By definition of the palindrome tree, we know that there will exist edges S[L..R] \rightarrow t_k S[L..R] t_{k} \rightarrow t_{k-1} t_k S[L..R] t_{k} t_{k-1} \dots T S[L..R] rev(T). Clearly S[L..R] is the ancestor of T S[L..R] rev(T). Therefore all the nodes corresponding to our candidate strings are in the subtree of node S[L..R].

A well known technique to handle subtree queries is to order the nodes as per a dfs traversal. The ordering is obtained by starting out with an empty array (say A) and performing a dfs traversal over the tree. Whenever a node is visited for the first time, append it to the end of A. For each node, store \texttt{dfs\_in}[i] as the index of the node i in the array A. The value \texttt{dfs\_out}[i] is computed as the index of the last element in the array A when the recursive call for dfs finishes at node i (at this time all nodes in the subtree of node i have been visited). The nodes in the subtree of i form a contiguous subarray of A, namely from A[\texttt{dfs\_in}[i]] ... A[\texttt{dfs\_out}[i]]. So to handle queries like “Add X to every node in subtree of i” may now be handled by “Add X to the contiguous subarray of A”.

Finding strings that satisfy condition (ii) of query 1

The algorithm to compute the palindromic tree starts of by initializing a tree for the empty string and then reads the string character by character. Once a new palindromic substring is found, a new node is created for it and then it is added to the tree (along with the necessary tree edges and suffix links). Therefore we have the first occurrence of every palindrome.

Consider the list ST[1..M] of palindromes which are ordered by the first time they are found by the algorithm. The strings that satisfy condition (ii) form a prefix of this array ST[1..M]. Similar to strings satisfying condition (i), these strings are also contiguous subarrays.

Query 1 is a 2D range sum

If we consider the 2D grid and associate each palindrome S[L..R] with the point (x, y) such that

• x is the index of S[L..R] when the palindromes are sorted according to their occurrence (when the string is read from left to right)
• y is the index in the dfs ordering

Query 1 asks to add X to every point (x, y) such that 1 \leq x \leq P and \texttt{dfs\_in}[i] \leq y \leq \texttt{dfs\_out}[i].

Query 2 asks to find the value of the point (x, y) corresponding to the string S[L..R]. We already discussed how to compute x, y from L, R efficiently in the preceding steps.

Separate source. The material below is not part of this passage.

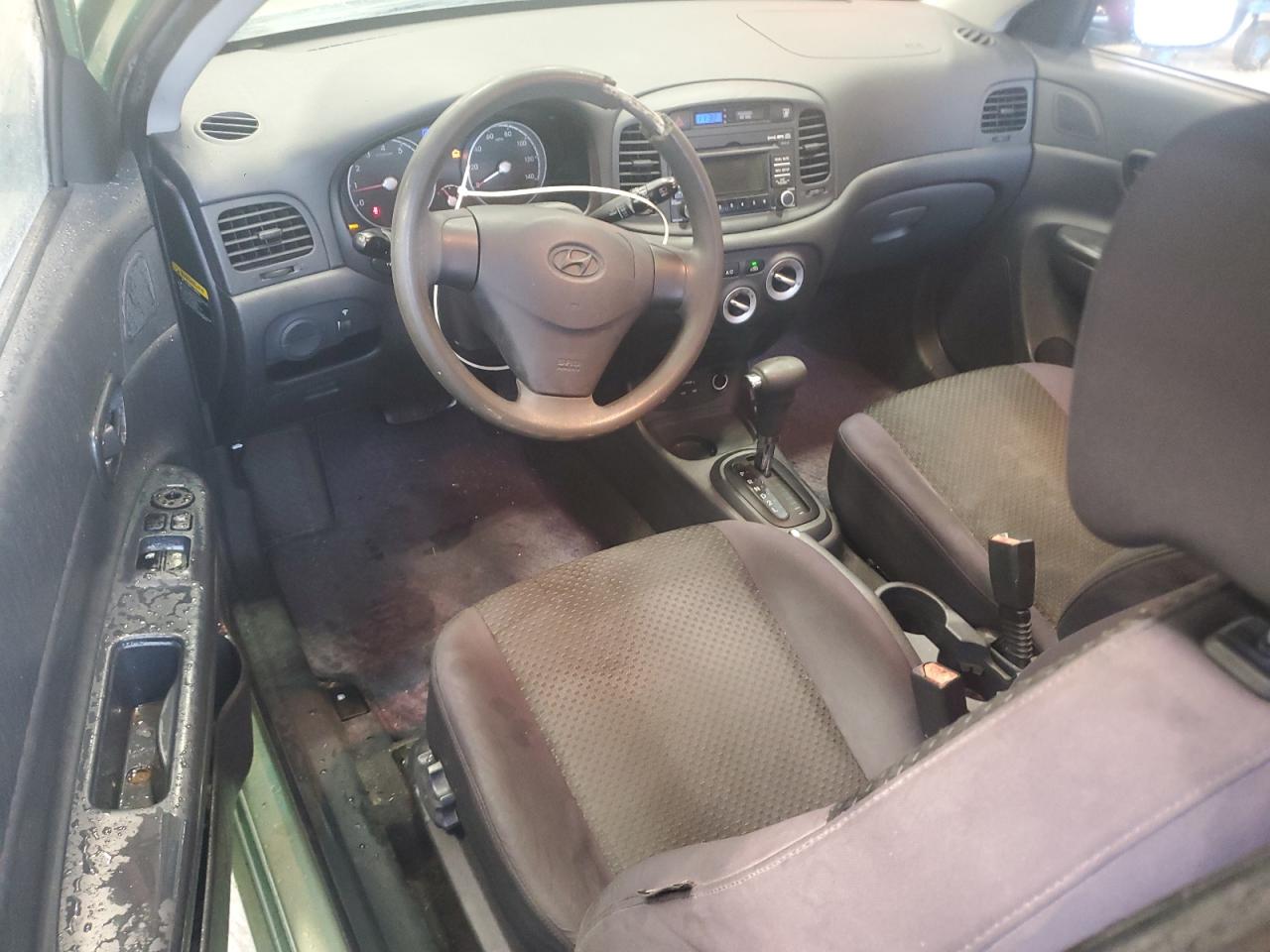 2010 Hyundai Accent Gs Green vin: KMHCM3AC6AU150406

These queries can be handled by 2D data structures such as a 2D segment tree or binary indexed tree.

2D data structures

A 2D segment tree is built by first splitting on the x coordinate, i.e. build a usual segment tree wherein a node corresponding to an interval [l, r] now contains all points with x coordinates between l, r.

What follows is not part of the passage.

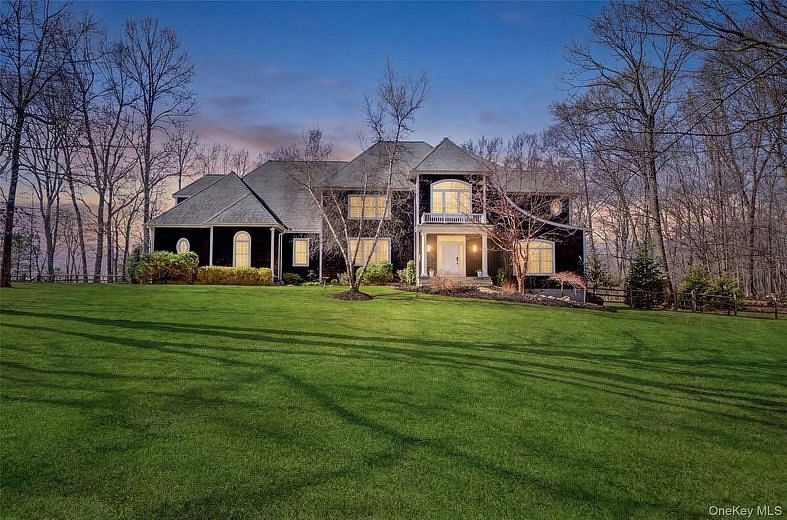 1359 Rustic Ridge Court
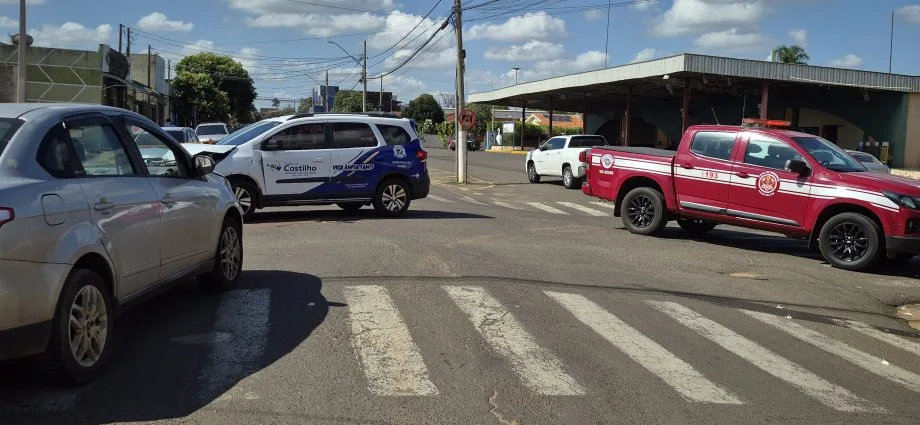 Acidente em frente à rodoviária de Castilho causa interdição de rua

Now within each node build another segment tree based on the y co-ordinate. Each point (x, y) contributes to at most O(\log^2 N) inner segment tree nodes.

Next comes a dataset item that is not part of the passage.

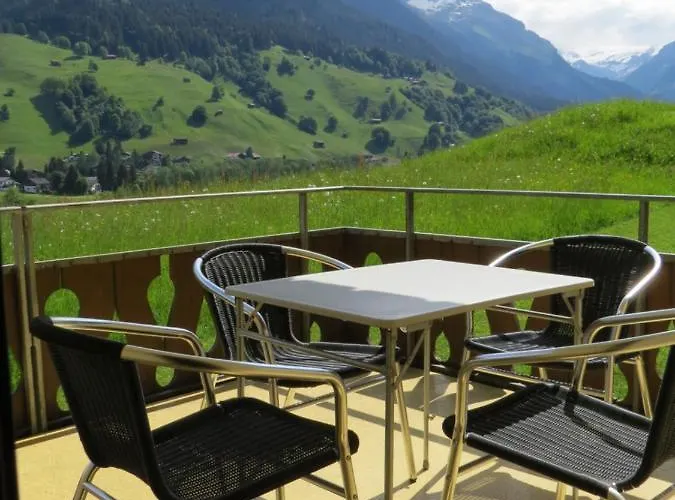 In Hus Signal Met Prachtig Uitzicht Op De Bergen Klosters-Serneus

While supporting lazy propagation on such a segment tree is hard to do efficiently, we can overcome lazy propagation by transforming (range updates and point queries) to (point updates and range queries).
Suppose we need to perform range updates and point queries on a grid g[x][y]. Consider the grid h[x][y] = g[x][y] - g[x-1][y] - g[x][y-1] + g[x-1][y-1]. The value g[x][y] can be obtained from h[x][y] by adding all the values in the grid [0, x] \times [0, y].

When the query of type 1, "Add X to the rectangle with bottom left corner (l_1, r_1) and top right corner (l_2, r_2)" is performed on the grid g, only four terms of the grid h are changed, namely h[l_1][r_1], h[l_2 + 1][r_1], h[l_1][r_2 + 1] and h[l_2+1][r_2+1]. This operation can be done as 4 point updates on the 2D segment tree over h.

The second query of type 1, is then a sum of a sub-rectangle of the grid h (namely the grid [0, x] \times [0, y]) which can be obtained by adding O(\log^2 N) nodes of the inner segment tree.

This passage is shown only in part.